== What the exercise asks ==
Return exactly the span of lines in the following data that opens with the line containing "office featuring an" and closes with the line containing "Square-face mirrored clock". Include nothing else.

━━━━━━━━

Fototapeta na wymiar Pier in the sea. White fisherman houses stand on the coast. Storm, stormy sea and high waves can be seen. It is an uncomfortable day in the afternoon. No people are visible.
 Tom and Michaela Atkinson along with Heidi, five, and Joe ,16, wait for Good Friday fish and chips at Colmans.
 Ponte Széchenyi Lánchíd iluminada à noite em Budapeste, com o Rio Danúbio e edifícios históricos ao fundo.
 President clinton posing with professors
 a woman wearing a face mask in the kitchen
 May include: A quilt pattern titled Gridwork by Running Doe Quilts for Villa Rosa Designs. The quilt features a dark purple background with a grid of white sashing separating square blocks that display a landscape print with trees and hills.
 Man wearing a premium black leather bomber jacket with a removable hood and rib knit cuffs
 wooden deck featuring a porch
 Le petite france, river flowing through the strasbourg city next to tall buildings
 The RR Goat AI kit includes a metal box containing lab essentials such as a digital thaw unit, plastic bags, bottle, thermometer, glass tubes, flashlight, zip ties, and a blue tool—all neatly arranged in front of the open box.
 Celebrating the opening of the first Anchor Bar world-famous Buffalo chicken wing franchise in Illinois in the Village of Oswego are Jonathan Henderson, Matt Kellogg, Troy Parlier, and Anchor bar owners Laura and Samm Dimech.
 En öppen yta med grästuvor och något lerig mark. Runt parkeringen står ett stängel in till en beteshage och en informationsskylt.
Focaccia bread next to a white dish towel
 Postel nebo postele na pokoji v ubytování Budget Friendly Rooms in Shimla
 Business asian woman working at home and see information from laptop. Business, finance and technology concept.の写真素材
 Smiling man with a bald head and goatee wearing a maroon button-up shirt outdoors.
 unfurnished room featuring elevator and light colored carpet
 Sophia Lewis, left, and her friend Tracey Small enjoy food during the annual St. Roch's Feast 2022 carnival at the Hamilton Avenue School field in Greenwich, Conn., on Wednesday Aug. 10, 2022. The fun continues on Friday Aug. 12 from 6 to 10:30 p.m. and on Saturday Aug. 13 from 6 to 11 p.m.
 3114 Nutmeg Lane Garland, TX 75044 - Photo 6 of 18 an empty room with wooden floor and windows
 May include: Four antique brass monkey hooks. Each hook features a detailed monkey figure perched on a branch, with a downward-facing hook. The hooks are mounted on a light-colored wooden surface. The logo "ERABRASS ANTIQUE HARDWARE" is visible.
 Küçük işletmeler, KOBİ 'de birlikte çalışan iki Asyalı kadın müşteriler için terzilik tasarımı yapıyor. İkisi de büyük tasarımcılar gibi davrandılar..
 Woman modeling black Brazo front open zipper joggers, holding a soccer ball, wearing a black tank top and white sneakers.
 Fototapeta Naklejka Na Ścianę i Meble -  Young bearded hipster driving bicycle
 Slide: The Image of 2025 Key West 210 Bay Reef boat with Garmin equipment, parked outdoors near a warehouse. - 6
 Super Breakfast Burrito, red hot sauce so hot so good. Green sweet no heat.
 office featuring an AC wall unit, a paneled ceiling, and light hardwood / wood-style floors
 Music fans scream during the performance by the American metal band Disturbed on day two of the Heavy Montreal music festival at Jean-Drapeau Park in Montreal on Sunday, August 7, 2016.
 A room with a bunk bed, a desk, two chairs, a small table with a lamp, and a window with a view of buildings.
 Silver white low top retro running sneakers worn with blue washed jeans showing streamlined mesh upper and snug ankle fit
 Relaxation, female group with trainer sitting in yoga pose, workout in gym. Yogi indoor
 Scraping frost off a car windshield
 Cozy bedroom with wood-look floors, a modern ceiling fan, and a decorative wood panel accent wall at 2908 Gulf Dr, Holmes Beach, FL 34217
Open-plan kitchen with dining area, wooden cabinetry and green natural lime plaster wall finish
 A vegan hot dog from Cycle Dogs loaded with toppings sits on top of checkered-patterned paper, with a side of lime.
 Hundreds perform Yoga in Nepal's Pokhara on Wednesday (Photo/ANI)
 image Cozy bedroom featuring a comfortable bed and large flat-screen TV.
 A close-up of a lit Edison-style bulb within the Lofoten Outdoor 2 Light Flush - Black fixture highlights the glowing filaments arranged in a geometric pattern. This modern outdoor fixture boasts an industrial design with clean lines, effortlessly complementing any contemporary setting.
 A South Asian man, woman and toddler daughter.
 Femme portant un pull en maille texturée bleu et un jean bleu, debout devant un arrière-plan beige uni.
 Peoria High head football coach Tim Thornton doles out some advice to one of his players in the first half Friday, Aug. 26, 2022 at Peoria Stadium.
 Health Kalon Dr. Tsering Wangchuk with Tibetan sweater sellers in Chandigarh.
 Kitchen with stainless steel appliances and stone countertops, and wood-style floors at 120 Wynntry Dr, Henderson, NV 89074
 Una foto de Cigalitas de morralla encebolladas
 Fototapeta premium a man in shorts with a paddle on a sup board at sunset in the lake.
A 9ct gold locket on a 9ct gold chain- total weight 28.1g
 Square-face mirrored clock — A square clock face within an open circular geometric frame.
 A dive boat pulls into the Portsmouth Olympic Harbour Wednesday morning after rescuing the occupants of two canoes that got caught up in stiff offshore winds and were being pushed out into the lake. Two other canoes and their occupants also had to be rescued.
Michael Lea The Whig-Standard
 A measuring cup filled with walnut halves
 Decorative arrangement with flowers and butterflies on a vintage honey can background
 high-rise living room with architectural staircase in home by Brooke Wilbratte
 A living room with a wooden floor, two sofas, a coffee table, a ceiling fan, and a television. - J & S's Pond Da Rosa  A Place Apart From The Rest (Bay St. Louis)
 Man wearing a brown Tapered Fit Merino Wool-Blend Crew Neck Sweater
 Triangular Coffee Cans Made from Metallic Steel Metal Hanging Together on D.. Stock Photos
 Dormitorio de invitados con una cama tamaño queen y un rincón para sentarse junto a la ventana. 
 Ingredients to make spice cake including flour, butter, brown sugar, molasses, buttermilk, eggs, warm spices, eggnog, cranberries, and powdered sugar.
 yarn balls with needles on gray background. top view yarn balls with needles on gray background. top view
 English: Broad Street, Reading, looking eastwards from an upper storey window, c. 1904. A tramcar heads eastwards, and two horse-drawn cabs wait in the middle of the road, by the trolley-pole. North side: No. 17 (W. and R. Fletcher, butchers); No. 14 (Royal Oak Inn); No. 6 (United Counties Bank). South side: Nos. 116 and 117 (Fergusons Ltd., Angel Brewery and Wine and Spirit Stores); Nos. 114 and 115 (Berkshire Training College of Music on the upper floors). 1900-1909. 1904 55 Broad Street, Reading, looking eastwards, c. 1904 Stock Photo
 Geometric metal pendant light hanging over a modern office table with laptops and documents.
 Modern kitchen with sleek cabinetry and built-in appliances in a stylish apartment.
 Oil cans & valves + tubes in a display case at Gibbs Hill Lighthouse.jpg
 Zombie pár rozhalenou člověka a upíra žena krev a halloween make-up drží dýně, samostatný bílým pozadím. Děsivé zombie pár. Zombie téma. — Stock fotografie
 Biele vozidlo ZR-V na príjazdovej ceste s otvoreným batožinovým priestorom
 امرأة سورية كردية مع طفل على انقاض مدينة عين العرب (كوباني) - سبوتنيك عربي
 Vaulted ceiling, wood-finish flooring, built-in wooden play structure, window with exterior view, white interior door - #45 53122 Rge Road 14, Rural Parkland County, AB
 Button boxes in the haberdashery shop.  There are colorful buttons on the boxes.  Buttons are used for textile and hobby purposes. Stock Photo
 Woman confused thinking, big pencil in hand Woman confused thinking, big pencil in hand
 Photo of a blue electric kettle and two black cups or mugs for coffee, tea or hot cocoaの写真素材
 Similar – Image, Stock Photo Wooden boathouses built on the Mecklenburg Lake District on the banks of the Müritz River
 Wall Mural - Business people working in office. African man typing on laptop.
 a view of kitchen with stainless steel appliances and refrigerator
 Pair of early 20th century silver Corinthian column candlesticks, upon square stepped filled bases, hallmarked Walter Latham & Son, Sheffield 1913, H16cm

━━━━━━━━

== Output for this exercise ==
 office featuring an AC wall unit, a paneled ceiling, and light hardwood / wood-style floors
 Music fans scream during the performance by the American metal band Disturbed on day two of the Heavy Montreal music festival at Jean-Drapeau Park in Montreal on Sunday, August 7, 2016.
 A room with a bunk bed, a desk, two chairs, a small table with a lamp, and a window with a view of buildings.
 Silver white low top retro running sneakers worn with blue washed jeans showing streamlined mesh upper and snug ankle fit
 Relaxation, female group with trainer sitting in yoga pose, workout in gym. Yogi indoor
 Scraping frost off a car windshield
 Cozy bedroom with wood-look floors, a modern ceiling fan, and a decorative wood panel accent wall at 2908 Gulf Dr, Holmes Beach, FL 34217
Open-plan kitchen with dining area, wooden cabinetry and green natural lime plaster wall finish
 A vegan hot dog from Cycle Dogs loaded with toppings sits on top of checkered-patterned paper, with a side of lime.
 Hundreds perform Yoga in Nepal's Pokhara on Wednesday (Photo/ANI)
 image Cozy bedroom featuring a comfortable bed and large flat-screen TV.
 A close-up of a lit Edison-style bulb within the Lofoten Outdoor 2 Light Flush - Black fixture highlights the glowing filaments arranged in a geometric pattern. This modern outdoor fixture boasts an industrial design with clean lines, effortlessly complementing any contemporary setting.
 A South Asian man, woman and toddler daughter.
 Femme portant un pull en maille texturée bleu et un jean bleu, debout devant un arrière-plan beige uni.
 Peoria High head football coach Tim Thornton doles out some advice to one of his players in the first half Friday, Aug. 26, 2022 at Peoria Stadium.
 Health Kalon Dr. Tsering Wangchuk with Tibetan sweater sellers in Chandigarh.
 Kitchen with stainless steel appliances and stone countertops, and wood-style floors at 120 Wynntry Dr, Henderson, NV 89074
 Una foto de Cigalitas de morralla encebolladas
 Fototapeta premium a man in shorts with a paddle on a sup board at sunset in the lake.
A 9ct gold locket on a 9ct gold chain- total weight 28.1g
 Square-face mirrored clock — A square clock face within an open circular geometric frame.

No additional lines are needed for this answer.